Nearly lost amid the sweeping roundup of more than 60 members of the Gambino crime family two weeks ago was the indictment of Anthony Delevescovo, director of tunneling for Schiavone Construction, which has $1.3 billion in contracts with the city’s Department of Environmental Protection, including more than $300 million for work at the DEP’s Croton Water Filtration Plant in Van Cortlandt Park.
For more than a year, as the filtration plant’s budget has ballooned to almost $3 billion, Assemblyman Jeffrey Dinowitz has hinted that there may have been criminal involvement in the siting of the project in Van Cortlandt Park – the only potential site where a nine-acre, 100-foot-deep hole was required.
Now, following the indictment of Delevescovo, Dinowitz has even more reason to be suspicious.

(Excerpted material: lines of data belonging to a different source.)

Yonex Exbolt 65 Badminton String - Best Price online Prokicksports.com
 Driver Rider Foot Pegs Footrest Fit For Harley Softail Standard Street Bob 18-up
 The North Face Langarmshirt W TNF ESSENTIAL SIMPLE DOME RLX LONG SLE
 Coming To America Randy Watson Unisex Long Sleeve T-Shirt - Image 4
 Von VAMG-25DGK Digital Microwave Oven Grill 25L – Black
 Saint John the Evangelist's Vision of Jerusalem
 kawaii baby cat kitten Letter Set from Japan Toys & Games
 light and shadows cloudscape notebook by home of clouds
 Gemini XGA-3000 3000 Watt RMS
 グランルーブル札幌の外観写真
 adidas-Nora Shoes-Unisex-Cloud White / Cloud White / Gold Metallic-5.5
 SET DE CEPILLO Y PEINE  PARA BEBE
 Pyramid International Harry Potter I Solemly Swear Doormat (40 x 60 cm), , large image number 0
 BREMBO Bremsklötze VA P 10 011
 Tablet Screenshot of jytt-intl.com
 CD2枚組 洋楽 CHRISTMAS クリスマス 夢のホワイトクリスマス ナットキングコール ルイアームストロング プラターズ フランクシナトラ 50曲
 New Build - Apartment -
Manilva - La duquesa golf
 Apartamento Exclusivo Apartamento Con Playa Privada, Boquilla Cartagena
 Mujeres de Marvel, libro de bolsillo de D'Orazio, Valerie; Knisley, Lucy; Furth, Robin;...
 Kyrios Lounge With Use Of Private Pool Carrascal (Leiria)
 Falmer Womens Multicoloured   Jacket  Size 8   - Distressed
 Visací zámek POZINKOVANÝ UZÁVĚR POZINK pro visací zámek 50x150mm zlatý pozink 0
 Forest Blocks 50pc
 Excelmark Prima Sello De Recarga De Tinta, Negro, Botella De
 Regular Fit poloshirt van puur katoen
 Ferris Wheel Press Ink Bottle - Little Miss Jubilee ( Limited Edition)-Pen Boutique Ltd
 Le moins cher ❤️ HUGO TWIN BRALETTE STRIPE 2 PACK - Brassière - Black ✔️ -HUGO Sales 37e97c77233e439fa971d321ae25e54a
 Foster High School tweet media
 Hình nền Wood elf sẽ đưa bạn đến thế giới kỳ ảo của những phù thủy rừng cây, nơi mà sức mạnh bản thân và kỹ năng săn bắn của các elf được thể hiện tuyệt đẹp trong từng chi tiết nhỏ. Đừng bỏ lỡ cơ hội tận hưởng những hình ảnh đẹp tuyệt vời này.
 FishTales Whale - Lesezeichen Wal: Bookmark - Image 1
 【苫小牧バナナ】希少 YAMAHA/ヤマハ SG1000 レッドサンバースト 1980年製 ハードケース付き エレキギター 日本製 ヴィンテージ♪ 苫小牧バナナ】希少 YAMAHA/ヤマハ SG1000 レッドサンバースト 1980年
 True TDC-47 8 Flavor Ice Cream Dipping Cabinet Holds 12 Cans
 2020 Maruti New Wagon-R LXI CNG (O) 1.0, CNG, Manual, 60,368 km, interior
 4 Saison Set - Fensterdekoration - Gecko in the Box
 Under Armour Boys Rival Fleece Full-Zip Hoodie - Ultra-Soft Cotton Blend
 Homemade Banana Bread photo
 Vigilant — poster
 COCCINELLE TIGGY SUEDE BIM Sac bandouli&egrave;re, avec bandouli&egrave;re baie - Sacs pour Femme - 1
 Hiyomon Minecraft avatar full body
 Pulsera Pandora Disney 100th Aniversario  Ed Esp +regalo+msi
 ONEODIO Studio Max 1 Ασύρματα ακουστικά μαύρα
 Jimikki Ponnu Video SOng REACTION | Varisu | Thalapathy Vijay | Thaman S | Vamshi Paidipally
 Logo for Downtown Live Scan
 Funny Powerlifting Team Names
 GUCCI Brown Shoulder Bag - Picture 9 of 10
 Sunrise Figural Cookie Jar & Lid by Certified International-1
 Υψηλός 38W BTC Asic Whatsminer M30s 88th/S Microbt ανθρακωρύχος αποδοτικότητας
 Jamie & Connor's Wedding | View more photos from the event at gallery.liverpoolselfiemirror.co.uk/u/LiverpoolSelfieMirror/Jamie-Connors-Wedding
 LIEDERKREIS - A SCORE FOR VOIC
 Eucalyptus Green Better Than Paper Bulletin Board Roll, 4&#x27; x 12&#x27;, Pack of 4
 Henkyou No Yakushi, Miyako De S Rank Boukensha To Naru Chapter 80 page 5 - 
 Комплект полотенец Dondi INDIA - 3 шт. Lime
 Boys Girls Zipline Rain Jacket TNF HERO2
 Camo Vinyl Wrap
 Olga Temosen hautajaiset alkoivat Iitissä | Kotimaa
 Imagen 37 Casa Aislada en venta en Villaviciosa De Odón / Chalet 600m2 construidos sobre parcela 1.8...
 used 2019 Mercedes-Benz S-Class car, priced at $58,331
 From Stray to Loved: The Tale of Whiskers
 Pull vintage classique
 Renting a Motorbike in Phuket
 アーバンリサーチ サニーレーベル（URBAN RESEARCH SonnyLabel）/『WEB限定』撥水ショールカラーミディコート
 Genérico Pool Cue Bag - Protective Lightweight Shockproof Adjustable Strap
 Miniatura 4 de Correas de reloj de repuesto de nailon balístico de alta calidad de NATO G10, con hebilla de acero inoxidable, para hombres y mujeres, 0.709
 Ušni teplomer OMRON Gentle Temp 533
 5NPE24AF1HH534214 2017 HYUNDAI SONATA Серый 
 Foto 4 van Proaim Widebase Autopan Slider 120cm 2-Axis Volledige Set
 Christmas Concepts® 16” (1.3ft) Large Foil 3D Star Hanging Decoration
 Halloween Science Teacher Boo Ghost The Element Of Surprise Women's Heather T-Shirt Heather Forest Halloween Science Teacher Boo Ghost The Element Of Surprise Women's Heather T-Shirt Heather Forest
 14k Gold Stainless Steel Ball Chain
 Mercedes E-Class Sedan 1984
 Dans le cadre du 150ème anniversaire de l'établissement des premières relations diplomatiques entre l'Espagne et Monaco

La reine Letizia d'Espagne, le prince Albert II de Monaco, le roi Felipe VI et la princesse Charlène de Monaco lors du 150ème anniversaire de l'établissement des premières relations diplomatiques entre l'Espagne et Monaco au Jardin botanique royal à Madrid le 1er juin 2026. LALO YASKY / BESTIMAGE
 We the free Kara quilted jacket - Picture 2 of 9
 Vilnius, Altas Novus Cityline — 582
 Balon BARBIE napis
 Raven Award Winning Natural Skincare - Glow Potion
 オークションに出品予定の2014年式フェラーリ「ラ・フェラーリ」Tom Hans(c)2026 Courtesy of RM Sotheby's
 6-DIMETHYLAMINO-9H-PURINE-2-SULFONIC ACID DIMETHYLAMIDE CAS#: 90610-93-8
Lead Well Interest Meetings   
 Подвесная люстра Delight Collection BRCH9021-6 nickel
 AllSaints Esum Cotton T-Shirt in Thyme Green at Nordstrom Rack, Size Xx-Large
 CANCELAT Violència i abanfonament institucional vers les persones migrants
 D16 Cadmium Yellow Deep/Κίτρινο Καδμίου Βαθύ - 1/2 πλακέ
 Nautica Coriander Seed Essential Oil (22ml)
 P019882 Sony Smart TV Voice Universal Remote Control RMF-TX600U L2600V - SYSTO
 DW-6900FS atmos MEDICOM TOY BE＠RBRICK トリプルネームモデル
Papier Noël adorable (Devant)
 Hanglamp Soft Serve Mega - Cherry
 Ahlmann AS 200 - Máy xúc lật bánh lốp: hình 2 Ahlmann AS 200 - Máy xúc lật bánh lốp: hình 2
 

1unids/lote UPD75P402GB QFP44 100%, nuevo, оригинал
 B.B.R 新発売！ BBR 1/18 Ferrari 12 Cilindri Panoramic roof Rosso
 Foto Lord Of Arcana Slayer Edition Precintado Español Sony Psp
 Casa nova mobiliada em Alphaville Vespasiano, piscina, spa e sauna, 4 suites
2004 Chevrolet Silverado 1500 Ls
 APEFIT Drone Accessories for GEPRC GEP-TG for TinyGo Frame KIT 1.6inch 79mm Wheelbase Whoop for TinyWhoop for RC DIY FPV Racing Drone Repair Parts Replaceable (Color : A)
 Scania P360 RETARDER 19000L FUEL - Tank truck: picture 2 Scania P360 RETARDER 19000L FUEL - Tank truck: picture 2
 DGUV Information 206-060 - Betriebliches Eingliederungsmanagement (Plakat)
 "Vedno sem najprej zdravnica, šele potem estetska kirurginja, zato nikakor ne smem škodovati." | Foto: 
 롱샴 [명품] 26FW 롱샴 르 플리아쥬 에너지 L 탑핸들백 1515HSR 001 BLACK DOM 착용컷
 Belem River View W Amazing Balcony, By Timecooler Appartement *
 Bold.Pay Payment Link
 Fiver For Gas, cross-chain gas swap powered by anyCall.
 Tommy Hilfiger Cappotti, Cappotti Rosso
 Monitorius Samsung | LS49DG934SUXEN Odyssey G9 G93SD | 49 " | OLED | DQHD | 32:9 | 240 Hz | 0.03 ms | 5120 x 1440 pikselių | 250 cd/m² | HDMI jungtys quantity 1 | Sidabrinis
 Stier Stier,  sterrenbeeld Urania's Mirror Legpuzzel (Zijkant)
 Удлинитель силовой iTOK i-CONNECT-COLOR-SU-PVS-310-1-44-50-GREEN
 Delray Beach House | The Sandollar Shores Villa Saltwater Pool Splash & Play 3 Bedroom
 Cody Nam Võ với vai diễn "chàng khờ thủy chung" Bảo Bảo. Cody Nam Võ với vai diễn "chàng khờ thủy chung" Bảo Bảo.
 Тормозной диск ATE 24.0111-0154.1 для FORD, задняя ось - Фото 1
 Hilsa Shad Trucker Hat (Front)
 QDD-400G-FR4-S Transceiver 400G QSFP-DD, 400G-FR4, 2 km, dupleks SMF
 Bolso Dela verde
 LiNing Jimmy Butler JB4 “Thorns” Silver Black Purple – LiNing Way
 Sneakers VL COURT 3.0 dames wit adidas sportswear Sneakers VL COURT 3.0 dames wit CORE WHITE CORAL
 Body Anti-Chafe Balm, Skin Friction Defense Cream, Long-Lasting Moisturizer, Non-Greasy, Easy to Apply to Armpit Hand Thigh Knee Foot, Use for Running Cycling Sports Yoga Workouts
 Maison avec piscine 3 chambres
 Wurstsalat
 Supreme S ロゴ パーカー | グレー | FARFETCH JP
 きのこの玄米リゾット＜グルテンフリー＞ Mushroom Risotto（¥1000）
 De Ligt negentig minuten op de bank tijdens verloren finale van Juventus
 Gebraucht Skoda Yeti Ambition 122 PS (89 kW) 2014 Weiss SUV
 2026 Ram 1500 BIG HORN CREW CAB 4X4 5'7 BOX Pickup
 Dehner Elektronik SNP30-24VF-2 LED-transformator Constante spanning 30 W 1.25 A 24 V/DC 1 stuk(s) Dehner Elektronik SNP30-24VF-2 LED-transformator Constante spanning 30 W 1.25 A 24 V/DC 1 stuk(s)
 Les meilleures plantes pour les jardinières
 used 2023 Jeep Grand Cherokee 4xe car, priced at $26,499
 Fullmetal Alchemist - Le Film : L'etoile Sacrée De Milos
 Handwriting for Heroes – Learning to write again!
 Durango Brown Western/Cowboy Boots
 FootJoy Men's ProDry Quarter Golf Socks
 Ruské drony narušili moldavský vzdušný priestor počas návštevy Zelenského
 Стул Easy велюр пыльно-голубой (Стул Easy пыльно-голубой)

“Outrage over astronomical cost overruns on the project are well documented,” Dinowitz said in a statement recently. “But with the arrests of organized crime figures, including an executive of Schiavone Construction, one of the filtration project’s largest contractors, it is imperative that the public be fully apprised of the extent of the influence of organized crime.”
Dinowitz, who represents the area surrounding Van Cortlandt Park, has asked for full investigation by Bronx District Attorney Robert Johnson.
“We can leave no stone unturned in efforts to assure the public that this controversial project is 100 percent aboveboard,” Dinowitz said in his statement.
A DEP spokesman told the Daily News earlier this week that Schiavone has five contracts with the agency. “The DEP expects these important construction projects to continue on schedule. DOI [Department of Investigation] has advised that there is no reason to terminate the contracts as things stand now,” the spokesman said. “We will fully cooperate with any investigation.”